8. To estimate the height of a tree, one forester stands due west of the tree and another forester stands due north of the tree. The two foresters are the same distance from the base of the tree and they are 45 feet from each other. If the angle of elevation for each forester is \(40^{\circ},\) how tall is the tree?

9. A ship is anchored off of a long straight shoreline that runs east to west. From two observation points located 10 miles apart on the shoreline, the bearings of the ship from each observation point are \(S 35^{\circ} E\) and \(S 17^{\circ} W .\) How far from shore is the ship?

10. From fire lookout Station Alpha the bearing of a forest fire is \(N 52^{\circ} E .\) From lookout Station Beta, sited 6 miles due east of Station Alpha, the bearing is \(N 38^{\circ} \mathrm{W}\) How far is the fire from Station Alpha?

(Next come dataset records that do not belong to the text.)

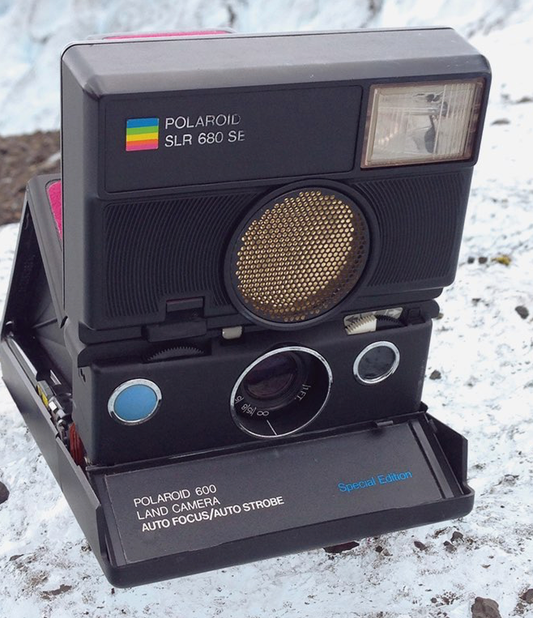 03-03 SLR 680 SE auto focus/auto strobe special edition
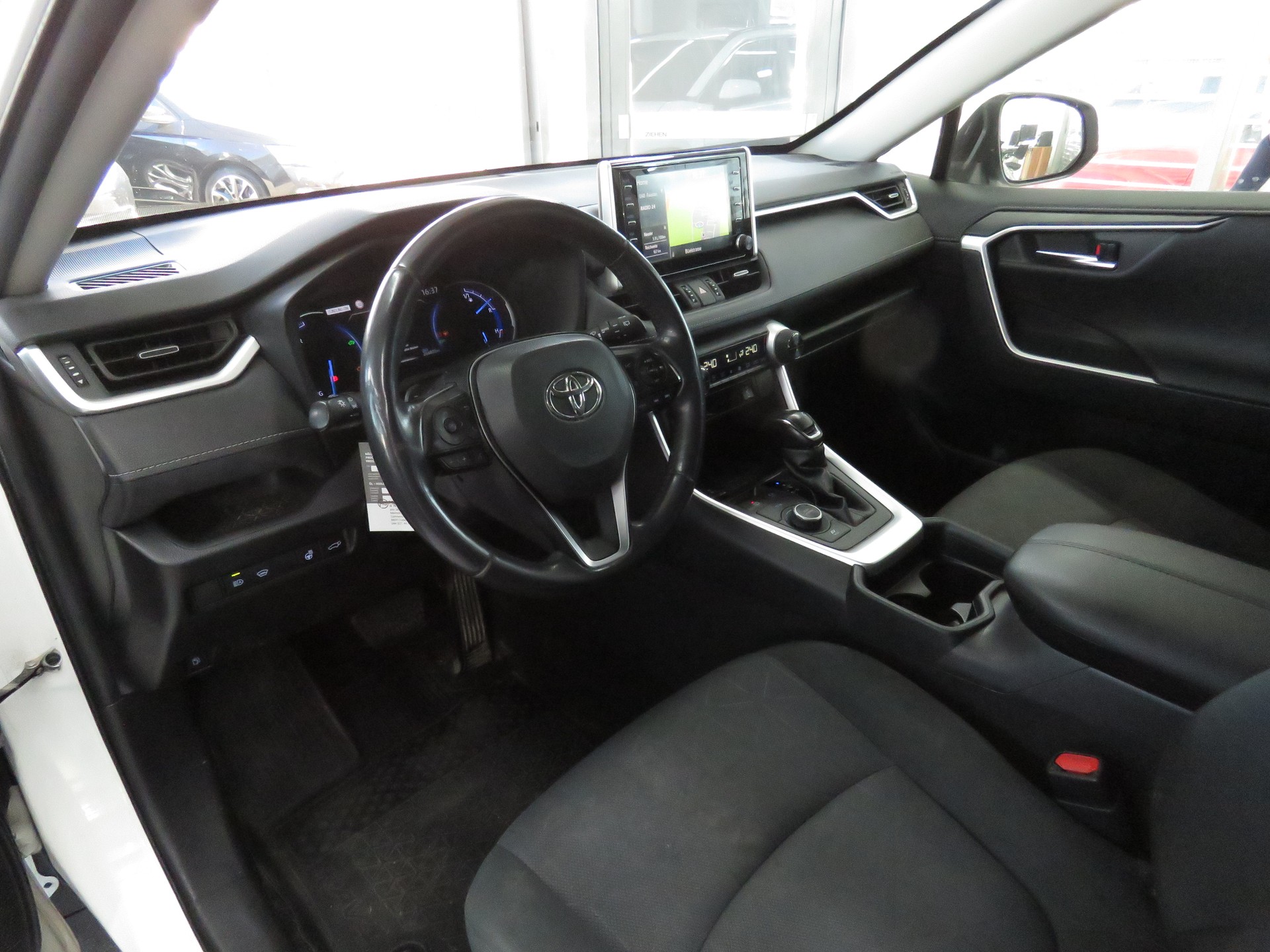 TOYOTA RAV-4 2.5 HSD Trend e-CVT 4WD Automat, Fixpreis !!!-image-6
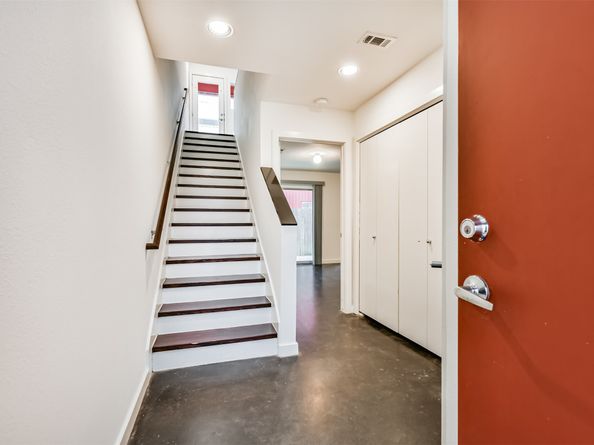 3028 Commerce Street, Houston TX 77003
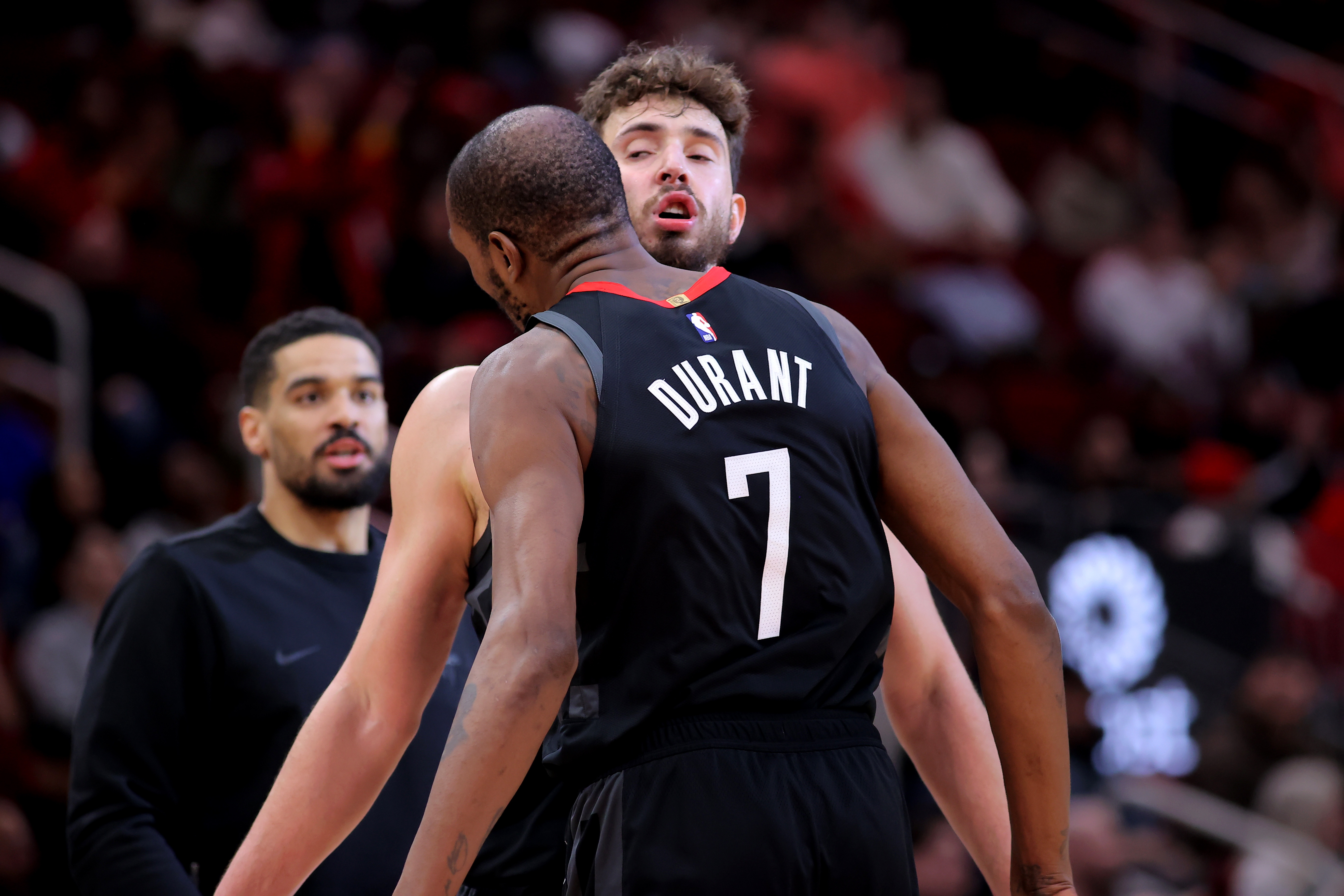 申京談破包夾進(jìn)化論 火箭內(nèi)線核心點(diǎn)出關(guān)鍵策應(yīng)點(diǎn)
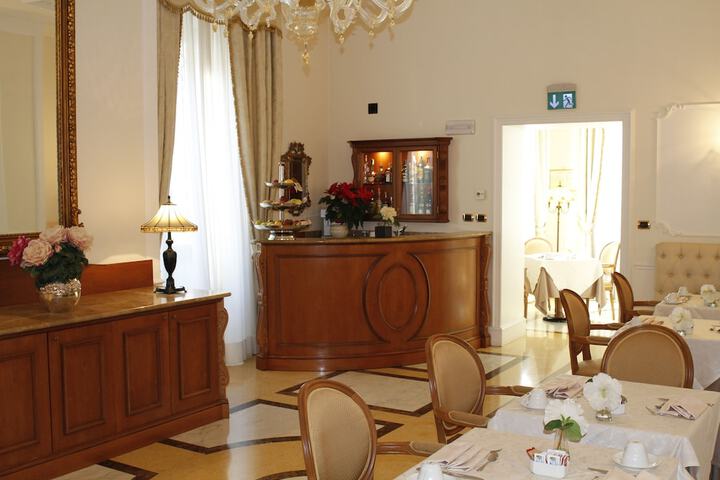 Lounge 55 of 73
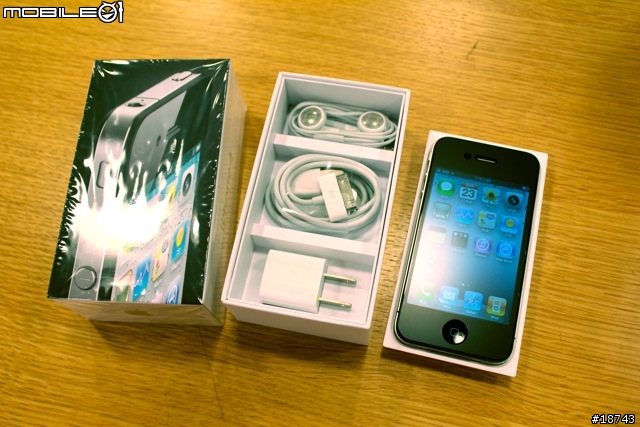 [分享] Apple iPhone4 預購領貨，入手！
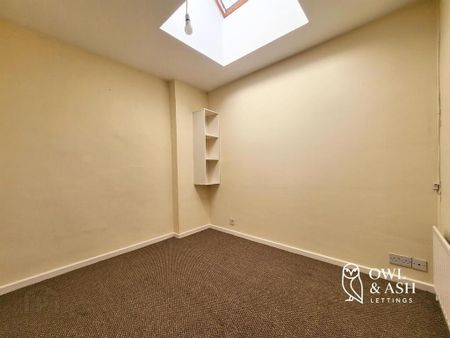 18 Low Road, Lisburn, BT27 4TJ - Photo 2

11. From a point 200 feet from the base of a church, the angle of elevation to the top of the steeple is \(28^{\circ},\) while the angle of elevation to the bottom of the steeple is \(20^{\circ} .\) How high off the ground is the top of the steeple?

12. A television tower 75 feet tall is installed on the top of a building. From a point on the ground in front of the building, the angle of elevation to the top of the tower is \(62^{\circ}\) and the the angle of elevation to the bottom of the tower is \(44^{\circ} .\) How tall is the building?